Wet or dry refers to the methodology in the videos.
And before I go any further, let me say, I gotta get a cool Brunton geology compass. Dr. John Whitmore, the guy in the video I’ll share with you, is the senior geology professor at Cedarville University. And he shows how he uses the Brunton compass to measure slope in the Coconino Sandstone cross-beds.
I love science when it’s actual science and not an anti God religion of blind faith. So, I enjoy information where actual scientists show actual rock formations and what’s actually going on. Or I should say what actually went on, back in the past.
Dr. Whitmore takes future and wannabe creation scientists on field trips down the Colorado River into the Grand Canyon. And he’s become a hands-on expert when it comes to the Coconino Sandstone cross-beds. I love how the article I read called out “conventional scientists,” and then said, they “have long considered this sandstone layer to be an example of an ancient desert filled with sand dunes. The technical term is eolian, or wind-blown, sandstone.”
But Dr. Whitmore believes something else explains the cross-beds.
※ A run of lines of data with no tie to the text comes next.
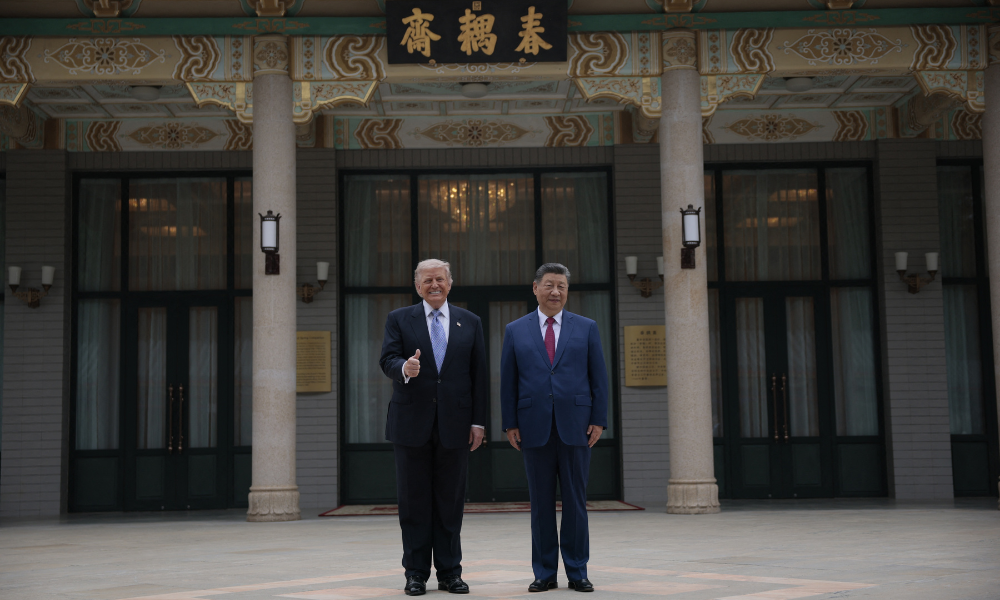 Presidente dos EUA, Donald Trump, e o líder chinês, Xi Jinping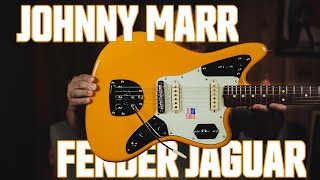Video thumbnail for Fender Limited Edition Johnny Marr Jaguar Electric Guitar Review | Your Offset Fever Dream by Tarpley Music
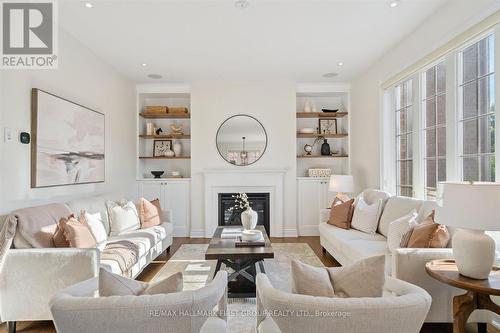 89 Stockell Crescent, Ajax, ON - Indoor Photo Showing Living Room With Fireplace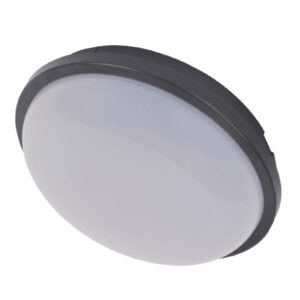 Tronic Round Black Warm White LED Bulkhead 20 Watts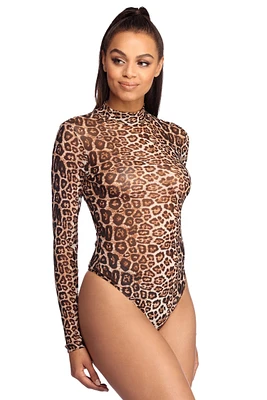 On The Prowl Leopard Bodysuit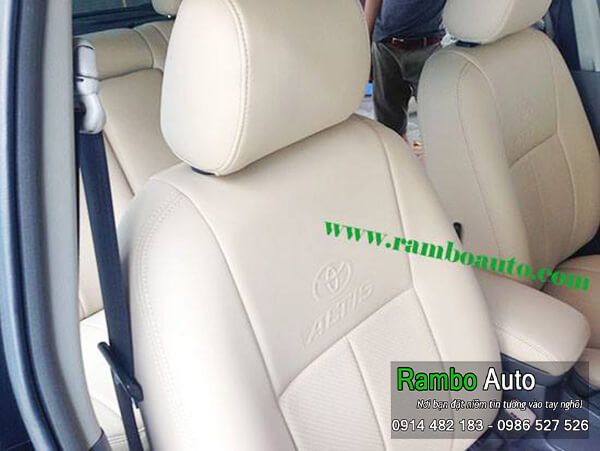 may ghế da xe altis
And he shares a lot of evidence for the Coconino to be “a massive underwater sand deposit, or marine sandstone.” And that evidence points to something that makes total sense. Something I’ve talked about many times here on my website and in person with people who care to talk about it.
A global flood.
Before I read the article or watch a video, I had never heard of the Coconino sandstone. And apparently it’s a famous beige-colored formation. But they have dark, diagonal lines through them. Those are the cross-beds, and they happen when wind or water currents move sand into angles.
Dr. Whitmore measures those angles.
Sounds fun. Right? But who cares about the angles of sand through layers of rock in the Grand Canyon?
Well, you should care. I sure do. Because desert sand dunes and underwater sand dunes have different angles. And that difference gives interested eyes a whole new angle for looking at creation vs evolution.
So, that’s why Dr. Whitmore has carefully measured those angles with his cool Brunton compass. Because he needs to measure the angles of the beds AND the direction those beds dip. He can measure them wet or dry. But he shows a way to use water to find out where to measure.
Watch a video of the good Doc at work, below. And it reminds me of some lyrics I shared about heading down the Colorado River…
Down The River
Down the river there’s a ripple and a wake
That doesn’t seem to end like it does in a lake.
It doesn’t need a storm or a deep earthquake
To shimmer and shudder and shiver and shake.
Down the river there’s a mile-high sky
That changes real fast as the rocks roll by.
It doesn’t share a smile or a mournful sigh.
It darkens and lightens and closes one eye.
Down the river there’s a story to tell
That a few old-timers and their dogs know well.
A tale of woe when the river did swell…
And sent all the rafters to Heaven or Hell.
Down the river, where the rapids break free,
Is a place you’ll be glad that you got to see.
It’s where you’ll decide if you ever will be
Back down the river to the landing tree.